> _What to do_
Up to and including the line with "NEFF brand Aztec", copy the records below exactly from their first line.

> _Given information_

%%

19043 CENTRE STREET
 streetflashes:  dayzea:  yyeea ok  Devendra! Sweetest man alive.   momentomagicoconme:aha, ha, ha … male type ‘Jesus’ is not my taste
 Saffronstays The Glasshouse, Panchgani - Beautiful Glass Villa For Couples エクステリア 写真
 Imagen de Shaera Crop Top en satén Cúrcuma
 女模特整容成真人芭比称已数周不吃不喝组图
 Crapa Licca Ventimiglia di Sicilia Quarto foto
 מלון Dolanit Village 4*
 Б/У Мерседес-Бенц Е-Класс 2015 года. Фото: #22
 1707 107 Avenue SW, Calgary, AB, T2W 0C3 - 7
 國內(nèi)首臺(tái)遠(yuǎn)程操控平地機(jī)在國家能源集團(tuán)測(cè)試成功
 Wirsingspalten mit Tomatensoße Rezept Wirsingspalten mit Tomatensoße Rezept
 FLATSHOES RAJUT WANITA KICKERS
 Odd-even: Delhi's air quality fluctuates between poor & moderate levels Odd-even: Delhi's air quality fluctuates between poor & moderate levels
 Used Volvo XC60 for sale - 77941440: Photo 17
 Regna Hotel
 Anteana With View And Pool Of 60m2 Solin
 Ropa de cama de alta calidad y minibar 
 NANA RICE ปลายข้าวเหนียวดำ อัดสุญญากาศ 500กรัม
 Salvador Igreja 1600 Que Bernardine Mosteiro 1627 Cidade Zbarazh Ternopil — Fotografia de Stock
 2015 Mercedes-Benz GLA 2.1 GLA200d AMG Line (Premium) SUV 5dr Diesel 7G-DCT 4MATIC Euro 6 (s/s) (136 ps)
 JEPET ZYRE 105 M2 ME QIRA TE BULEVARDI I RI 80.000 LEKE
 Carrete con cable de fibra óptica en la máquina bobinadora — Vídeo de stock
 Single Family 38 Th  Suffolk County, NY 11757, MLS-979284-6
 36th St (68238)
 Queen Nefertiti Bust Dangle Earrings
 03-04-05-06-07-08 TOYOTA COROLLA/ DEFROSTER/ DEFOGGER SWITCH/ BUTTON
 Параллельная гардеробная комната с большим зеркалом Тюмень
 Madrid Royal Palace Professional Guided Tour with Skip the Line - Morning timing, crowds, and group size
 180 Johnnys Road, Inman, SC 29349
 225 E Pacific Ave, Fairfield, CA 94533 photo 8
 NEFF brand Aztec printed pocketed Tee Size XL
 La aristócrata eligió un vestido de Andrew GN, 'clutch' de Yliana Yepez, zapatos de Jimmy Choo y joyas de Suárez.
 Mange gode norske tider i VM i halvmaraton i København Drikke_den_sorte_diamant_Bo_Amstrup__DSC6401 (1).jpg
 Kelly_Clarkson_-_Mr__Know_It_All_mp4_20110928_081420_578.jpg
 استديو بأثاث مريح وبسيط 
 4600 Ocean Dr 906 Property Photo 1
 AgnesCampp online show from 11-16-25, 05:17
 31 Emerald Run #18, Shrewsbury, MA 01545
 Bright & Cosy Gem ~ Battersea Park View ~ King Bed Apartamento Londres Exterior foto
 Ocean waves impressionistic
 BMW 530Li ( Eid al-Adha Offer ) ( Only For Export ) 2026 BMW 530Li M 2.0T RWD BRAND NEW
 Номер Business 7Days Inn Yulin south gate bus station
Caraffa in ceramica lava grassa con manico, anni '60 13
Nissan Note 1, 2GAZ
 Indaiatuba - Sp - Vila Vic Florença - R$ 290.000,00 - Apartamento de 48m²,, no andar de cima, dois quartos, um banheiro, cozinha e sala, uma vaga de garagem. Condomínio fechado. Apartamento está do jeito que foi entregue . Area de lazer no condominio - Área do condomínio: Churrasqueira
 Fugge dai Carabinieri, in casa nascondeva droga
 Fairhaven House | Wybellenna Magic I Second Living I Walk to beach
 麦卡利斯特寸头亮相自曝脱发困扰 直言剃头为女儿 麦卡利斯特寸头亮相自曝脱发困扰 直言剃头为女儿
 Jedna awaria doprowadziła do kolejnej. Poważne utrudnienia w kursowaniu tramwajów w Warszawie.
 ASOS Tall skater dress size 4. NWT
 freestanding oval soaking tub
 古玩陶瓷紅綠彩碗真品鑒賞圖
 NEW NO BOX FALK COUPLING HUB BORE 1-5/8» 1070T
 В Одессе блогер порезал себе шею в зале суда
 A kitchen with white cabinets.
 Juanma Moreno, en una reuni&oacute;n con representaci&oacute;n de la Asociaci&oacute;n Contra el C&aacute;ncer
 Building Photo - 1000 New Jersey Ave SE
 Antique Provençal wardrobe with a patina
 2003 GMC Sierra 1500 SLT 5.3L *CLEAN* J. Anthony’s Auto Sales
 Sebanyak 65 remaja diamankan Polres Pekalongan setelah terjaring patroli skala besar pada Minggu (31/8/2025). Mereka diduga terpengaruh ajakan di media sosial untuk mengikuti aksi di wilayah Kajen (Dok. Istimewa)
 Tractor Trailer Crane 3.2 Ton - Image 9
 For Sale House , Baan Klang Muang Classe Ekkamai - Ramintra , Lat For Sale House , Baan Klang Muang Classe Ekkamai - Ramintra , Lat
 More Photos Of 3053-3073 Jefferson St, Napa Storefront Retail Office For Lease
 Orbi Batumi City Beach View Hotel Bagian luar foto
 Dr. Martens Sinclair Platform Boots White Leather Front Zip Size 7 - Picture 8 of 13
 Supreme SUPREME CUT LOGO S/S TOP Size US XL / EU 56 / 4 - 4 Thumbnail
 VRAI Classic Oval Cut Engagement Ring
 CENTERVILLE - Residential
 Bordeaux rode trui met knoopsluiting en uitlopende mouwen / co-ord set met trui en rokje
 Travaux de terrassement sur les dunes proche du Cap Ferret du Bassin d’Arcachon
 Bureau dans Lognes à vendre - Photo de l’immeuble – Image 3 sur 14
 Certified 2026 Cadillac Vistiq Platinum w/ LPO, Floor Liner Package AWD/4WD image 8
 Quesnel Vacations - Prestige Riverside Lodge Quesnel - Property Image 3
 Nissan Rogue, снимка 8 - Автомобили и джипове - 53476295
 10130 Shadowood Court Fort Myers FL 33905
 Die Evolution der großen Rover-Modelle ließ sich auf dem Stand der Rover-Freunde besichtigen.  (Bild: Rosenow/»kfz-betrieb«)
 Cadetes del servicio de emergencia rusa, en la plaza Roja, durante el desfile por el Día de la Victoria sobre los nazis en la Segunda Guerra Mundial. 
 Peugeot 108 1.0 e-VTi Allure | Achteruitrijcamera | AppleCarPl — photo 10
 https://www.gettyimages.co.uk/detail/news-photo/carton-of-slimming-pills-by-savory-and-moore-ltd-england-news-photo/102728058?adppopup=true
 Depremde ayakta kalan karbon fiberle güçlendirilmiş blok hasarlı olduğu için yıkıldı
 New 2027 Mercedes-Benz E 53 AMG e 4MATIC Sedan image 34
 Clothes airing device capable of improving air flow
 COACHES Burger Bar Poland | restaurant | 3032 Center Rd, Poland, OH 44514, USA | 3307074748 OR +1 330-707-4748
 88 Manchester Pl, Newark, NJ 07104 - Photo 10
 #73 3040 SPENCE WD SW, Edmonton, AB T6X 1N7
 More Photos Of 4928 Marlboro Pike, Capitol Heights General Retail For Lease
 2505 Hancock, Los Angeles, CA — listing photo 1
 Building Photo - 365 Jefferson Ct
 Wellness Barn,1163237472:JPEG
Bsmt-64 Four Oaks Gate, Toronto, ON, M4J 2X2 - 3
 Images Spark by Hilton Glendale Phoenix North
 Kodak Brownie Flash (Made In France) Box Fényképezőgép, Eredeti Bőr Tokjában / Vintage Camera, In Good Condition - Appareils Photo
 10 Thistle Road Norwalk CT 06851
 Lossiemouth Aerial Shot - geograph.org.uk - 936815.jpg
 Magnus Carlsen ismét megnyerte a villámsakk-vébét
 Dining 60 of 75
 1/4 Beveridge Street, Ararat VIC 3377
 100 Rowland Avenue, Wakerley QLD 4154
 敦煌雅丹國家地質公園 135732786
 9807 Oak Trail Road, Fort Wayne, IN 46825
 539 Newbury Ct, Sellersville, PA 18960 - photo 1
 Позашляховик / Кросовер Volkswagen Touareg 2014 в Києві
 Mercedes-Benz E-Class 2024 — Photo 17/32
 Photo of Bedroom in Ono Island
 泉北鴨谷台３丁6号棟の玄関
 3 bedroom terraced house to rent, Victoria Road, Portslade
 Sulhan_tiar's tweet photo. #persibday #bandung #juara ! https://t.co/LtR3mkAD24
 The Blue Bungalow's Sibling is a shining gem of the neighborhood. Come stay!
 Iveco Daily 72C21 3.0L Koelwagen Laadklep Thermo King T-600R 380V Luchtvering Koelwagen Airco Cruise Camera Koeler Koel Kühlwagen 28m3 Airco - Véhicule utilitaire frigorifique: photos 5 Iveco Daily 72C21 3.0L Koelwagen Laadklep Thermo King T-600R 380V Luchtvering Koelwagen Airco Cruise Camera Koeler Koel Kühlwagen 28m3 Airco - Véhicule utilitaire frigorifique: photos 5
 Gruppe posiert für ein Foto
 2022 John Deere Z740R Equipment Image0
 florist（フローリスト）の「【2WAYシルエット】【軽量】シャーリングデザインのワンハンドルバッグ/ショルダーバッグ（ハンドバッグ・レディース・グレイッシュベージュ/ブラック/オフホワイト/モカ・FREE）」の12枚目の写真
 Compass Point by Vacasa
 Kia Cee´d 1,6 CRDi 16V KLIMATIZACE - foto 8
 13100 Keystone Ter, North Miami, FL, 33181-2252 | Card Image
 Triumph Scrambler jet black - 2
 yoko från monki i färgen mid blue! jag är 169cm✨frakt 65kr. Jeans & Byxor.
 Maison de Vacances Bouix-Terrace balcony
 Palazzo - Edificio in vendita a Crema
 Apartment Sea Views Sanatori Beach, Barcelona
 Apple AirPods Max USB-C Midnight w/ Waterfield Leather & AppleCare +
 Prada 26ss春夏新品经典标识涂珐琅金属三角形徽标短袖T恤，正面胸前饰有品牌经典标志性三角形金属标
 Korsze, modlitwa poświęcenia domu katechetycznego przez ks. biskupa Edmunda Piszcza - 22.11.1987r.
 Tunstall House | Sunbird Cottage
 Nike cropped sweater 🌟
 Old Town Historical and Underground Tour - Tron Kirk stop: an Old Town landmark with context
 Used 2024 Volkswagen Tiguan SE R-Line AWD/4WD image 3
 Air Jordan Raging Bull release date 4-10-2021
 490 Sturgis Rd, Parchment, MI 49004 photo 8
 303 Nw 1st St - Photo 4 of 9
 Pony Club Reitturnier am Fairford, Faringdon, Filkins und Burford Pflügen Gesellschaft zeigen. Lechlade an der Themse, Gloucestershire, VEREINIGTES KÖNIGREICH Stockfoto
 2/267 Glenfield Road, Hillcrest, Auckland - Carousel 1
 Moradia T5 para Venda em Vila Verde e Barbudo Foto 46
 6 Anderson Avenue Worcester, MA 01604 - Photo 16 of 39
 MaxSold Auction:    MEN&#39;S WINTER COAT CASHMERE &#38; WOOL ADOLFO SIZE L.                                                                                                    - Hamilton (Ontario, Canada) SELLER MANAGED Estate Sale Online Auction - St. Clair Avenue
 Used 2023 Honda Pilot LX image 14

%%

> _Answer to the problem_
19043 CENTRE STREET
 streetflashes:  dayzea:  yyeea ok  Devendra! Sweetest man alive.   momentomagicoconme:aha, ha, ha … male type ‘Jesus’ is not my taste
 Saffronstays The Glasshouse, Panchgani - Beautiful Glass Villa For Couples エクステリア 写真
 Imagen de Shaera Crop Top en satén Cúrcuma
 女模特整容成真人芭比称已数周不吃不喝组图
 Crapa Licca Ventimiglia di Sicilia Quarto foto
 מלון Dolanit Village 4*
 Б/У Мерседес-Бенц Е-Класс 2015 года. Фото: #22
 1707 107 Avenue SW, Calgary, AB, T2W 0C3 - 7
 國內(nèi)首臺(tái)遠(yuǎn)程操控平地機(jī)在國家能源集團(tuán)測(cè)試成功
 Wirsingspalten mit Tomatensoße Rezept Wirsingspalten mit Tomatensoße Rezept
 FLATSHOES RAJUT WANITA KICKERS
 Odd-even: Delhi's air quality fluctuates between poor & moderate levels Odd-even: Delhi's air quality fluctuates between poor & moderate levels
 Used Volvo XC60 for sale - 77941440: Photo 17
 Regna Hotel
 Anteana With View And Pool Of 60m2 Solin
 Ropa de cama de alta calidad y minibar 
 NANA RICE ปลายข้าวเหนียวดำ อัดสุญญากาศ 500กรัม
 Salvador Igreja 1600 Que Bernardine Mosteiro 1627 Cidade Zbarazh Ternopil — Fotografia de Stock
 2015 Mercedes-Benz GLA 2.1 GLA200d AMG Line (Premium) SUV 5dr Diesel 7G-DCT 4MATIC Euro 6 (s/s) (136 ps)
 JEPET ZYRE 105 M2 ME QIRA TE BULEVARDI I RI 80.000 LEKE
 Carrete con cable de fibra óptica en la máquina bobinadora — Vídeo de stock
 Single Family 38 Th  Suffolk County, NY 11757, MLS-979284-6
 36th St (68238)
 Queen Nefertiti Bust Dangle Earrings
 03-04-05-06-07-08 TOYOTA COROLLA/ DEFROSTER/ DEFOGGER SWITCH/ BUTTON
 Параллельная гардеробная комната с большим зеркалом Тюмень
 Madrid Royal Palace Professional Guided Tour with Skip the Line - Morning timing, crowds, and group size
 180 Johnnys Road, Inman, SC 29349
 225 E Pacific Ave, Fairfield, CA 94533 photo 8
 NEFF brand Aztec printed pocketed Tee Size XL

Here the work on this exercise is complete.